The process of visualizing potential moves done by you and your opponent to learn the result of different moves is called "reading".

Reading Basics

In GNU Go, this is done by the functions in `engine/reading.c'. Each of these functions has a separate goal to fill, and they call each other recursively to carry out the reading process.

The reading code makes use of a stack onto which board positions can be pushed. The parameter stackp is zero if GNU Go is examining the true board position; if it is higher than zero, then GNU Go is examining a hypothetical position obtained by playing several moves.

Many of the reading functions make use of null pointers. For example, a call to attack(i, j, &ai, &aj) will return 1 if the string at (i, j) can be captured, 2 or 3 if it can be attacked with ko, and 0 if it is safe. The point of attack (in case it is vulnerable) is returned in (ai, aj). However many times we do not care about the point of attack.
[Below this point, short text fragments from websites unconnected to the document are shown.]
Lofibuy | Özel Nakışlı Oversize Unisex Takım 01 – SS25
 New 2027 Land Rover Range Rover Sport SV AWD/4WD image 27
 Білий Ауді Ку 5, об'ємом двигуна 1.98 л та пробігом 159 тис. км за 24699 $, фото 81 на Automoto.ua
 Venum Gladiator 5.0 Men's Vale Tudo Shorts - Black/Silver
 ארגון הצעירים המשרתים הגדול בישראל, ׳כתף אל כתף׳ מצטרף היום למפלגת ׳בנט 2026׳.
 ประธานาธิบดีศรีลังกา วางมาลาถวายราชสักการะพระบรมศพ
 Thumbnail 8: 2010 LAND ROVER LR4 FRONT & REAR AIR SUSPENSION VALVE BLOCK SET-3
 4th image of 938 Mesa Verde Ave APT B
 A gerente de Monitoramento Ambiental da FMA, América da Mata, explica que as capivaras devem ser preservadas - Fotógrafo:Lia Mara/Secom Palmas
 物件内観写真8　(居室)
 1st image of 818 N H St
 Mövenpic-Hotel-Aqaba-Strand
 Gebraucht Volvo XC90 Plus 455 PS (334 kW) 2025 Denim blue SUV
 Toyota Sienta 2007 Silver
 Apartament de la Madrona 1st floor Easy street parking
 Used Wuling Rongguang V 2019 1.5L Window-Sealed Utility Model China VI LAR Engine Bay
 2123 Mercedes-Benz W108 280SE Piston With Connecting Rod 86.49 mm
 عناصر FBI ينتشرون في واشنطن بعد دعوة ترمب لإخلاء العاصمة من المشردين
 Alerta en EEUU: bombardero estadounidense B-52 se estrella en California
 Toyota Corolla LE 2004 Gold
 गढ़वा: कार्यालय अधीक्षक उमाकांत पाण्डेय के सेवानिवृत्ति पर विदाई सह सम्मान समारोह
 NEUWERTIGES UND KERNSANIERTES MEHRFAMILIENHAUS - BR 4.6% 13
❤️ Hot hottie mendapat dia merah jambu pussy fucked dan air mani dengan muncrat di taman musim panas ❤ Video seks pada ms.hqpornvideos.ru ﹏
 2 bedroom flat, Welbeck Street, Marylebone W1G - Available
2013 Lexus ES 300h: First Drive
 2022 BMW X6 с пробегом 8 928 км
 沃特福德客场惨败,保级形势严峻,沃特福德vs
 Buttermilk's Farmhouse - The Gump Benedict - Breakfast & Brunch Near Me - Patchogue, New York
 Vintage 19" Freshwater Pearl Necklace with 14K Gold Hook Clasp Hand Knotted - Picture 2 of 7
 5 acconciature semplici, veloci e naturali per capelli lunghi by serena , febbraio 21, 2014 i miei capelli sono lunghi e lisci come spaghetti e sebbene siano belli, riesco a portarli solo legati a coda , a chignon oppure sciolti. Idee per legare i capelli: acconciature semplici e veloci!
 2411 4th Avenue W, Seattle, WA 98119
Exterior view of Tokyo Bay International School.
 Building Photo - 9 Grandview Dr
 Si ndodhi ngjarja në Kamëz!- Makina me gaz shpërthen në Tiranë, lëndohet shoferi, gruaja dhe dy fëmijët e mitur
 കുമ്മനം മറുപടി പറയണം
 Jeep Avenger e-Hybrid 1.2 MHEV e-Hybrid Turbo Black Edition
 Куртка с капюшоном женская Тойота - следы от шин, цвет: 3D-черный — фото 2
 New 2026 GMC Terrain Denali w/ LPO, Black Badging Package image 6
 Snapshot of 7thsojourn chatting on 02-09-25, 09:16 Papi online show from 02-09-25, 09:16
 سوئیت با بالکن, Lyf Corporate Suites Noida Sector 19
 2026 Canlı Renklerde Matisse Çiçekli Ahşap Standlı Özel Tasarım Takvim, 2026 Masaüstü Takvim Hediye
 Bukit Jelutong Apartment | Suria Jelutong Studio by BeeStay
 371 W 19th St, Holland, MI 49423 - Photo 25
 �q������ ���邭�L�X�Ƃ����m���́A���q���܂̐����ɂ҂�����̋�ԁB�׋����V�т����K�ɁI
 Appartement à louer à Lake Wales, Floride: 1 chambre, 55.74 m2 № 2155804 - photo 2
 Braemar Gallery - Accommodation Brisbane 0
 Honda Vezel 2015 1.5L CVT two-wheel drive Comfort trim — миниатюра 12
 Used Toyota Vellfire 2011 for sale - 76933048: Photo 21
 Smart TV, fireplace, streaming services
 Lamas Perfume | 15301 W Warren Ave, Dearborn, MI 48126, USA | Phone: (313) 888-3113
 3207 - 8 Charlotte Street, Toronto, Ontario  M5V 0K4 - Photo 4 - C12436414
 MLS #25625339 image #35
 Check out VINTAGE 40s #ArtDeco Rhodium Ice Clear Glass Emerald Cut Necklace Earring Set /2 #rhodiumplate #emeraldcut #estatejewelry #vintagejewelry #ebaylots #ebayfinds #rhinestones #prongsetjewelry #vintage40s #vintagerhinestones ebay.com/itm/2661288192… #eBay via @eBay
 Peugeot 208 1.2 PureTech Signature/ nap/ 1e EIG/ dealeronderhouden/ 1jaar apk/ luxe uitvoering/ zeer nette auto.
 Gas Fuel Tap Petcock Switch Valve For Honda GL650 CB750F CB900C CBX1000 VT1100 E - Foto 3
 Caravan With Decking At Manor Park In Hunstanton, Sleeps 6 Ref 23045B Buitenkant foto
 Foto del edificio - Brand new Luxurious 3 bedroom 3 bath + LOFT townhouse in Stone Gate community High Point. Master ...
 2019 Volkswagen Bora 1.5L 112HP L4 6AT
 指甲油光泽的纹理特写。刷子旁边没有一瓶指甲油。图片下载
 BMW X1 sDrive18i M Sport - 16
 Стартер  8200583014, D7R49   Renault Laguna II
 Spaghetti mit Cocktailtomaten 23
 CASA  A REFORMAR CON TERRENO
In this case, we can substitute a null pointer: attack(i, j, NULL, NULL).

Depth of reading is controlled by a parameter depth. This has a default value DEPTH (in `liberty.h'), which is set to 14 in the distribution, but it may also be set at the command line using the -D option. If depth is increased, GNU Go will be stronger and slower. GNU Go will read moves past depth, but in doing so it makes simplifying assumptions that can cause it to miss moves.

Specifically, when stackp > depth, GNU Go assumes that as soon as the string can get 3 liberties it is alive. This assumption is sufficient for reading ladders.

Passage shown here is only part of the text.